All evaluation systems depend on selected criteria:

  • what is measured
  • how it is measured
  • how outcomes are interpreted

These selections encode assumptions about:

  • usefulness
  • safety
  • truthfulness
  • acceptability

In most systems, these assumptions remain implicit.

Position

The RI Safety Layer does not attempt to eliminate judgement.

It establishes judgement as a first-class, explicit component of the system.

Structural approach

Judgement within the system is:

  • declared — criteria are defined in advance
  • structured — evaluation procedures are formally specified
  • versioned — changes to criteria are tracked over time
  • auditable — all decisions can be traced to their originating rules

This allows any result to be inspected in terms of:

  • the behaviour observed
  • the measurement process applied
  • the criteria used to interpret that behaviour

Separation of measurement and judgement

A core architectural principle is strict separation between:

  • measurement — what occurred
  • judgement — how it is interpreted

Measurement produces:

  • sealed, reproducible records of behaviour

Judgement produces:

  • governed decisions about how those records are used

This separation ensures:

  • measurement remains stable and replayable
  • judgement can evolve without corrupting evidence

Definition of coherence

Within this system, coherence is defined operationally.

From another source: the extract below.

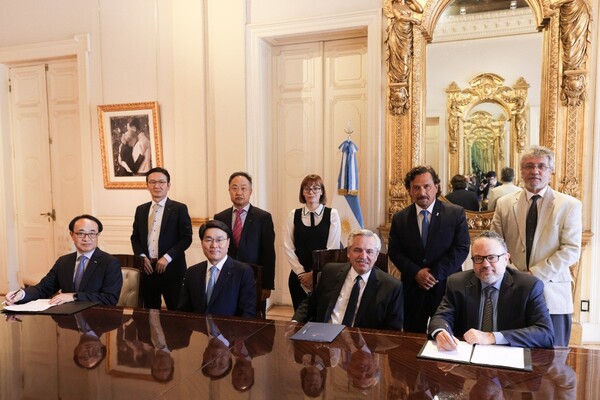 최정우 포스코그룹 회장이 21일(현지시간) 페르난데스 아르헨티나 대통령을 만나 리튬사업에 대한 현안을 설명하고 향후 추진할 사업 계획에 대한 지속적인 협력 방안을 논의했다(사진=포스코그룹)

Coherence is the degree of alignment between observed behaviour and a declared set of evaluation criteria.

These criteria are:

  • explicitly defined
  • empirically testable
  • context-dependent

The system does not assume a single universal definition of coherence.

Different domains may define coherence differently, provided those definitions are made explicit and applied consistently.

Foundational basis

The evaluation criteria used within the system are not arbitrary.

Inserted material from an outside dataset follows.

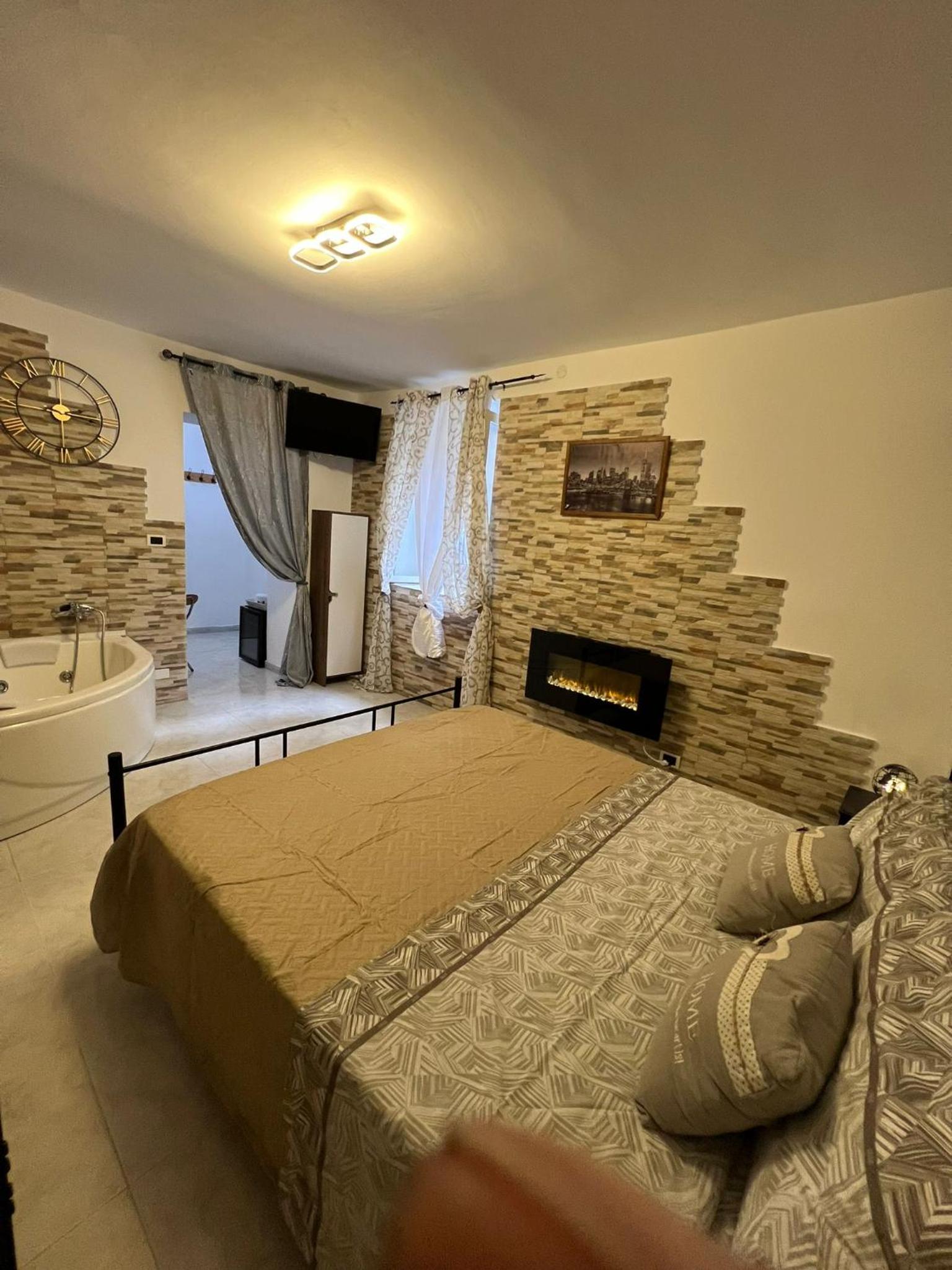 Suite with Spa Bath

They are informed by an underlying research programme focused on:

  • behavioural consistency
  • response stability under variation
  • alignment between stated intent and produced output
  • structural properties of interaction patterns

This work combines:

  • empirical evaluation design
  • behavioural analysis across repeated trials
  • internally developed theoretical models of coherence and system alignment

These models are not treated as fixed doctrine.

They are:

  • continuously tested against observed behaviour
  • refined through iterative evaluation
  • subject to revision as evidence accumulates

Where appropriate, elements of this framework are formalised and published in technical form.

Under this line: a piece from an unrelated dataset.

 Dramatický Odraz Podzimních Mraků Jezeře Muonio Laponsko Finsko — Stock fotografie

What the system guarantees

The system does not claim that:

  • any given definition of coherence is universally correct

It guarantees that:

  • the criteria used are explicit and inspectable
  • the evaluation process is deterministic and reproducible
  • all results are traceable to their originating assumptions

Implication

This shifts evaluation from assertion to inspection.

Instead of:

  • “This system is safe”
  • “This output is correct”

the system provides:

  • the recorded behaviour
  • the measurement process
  • the criteria applied
  • the resulting decision

Allowing independent observers to:

  • reproduce the result
  • examine the assumptions
  • agree or disagree with the judgement

Result

Evaluation becomes:

  • transparent rather than implicit
  • reproducible rather than anecdotal
  • contestable without ambiguity

Trust is not required in advance.

It emerges from the ability to inspect, reproduce, and challenge the system’s outputs.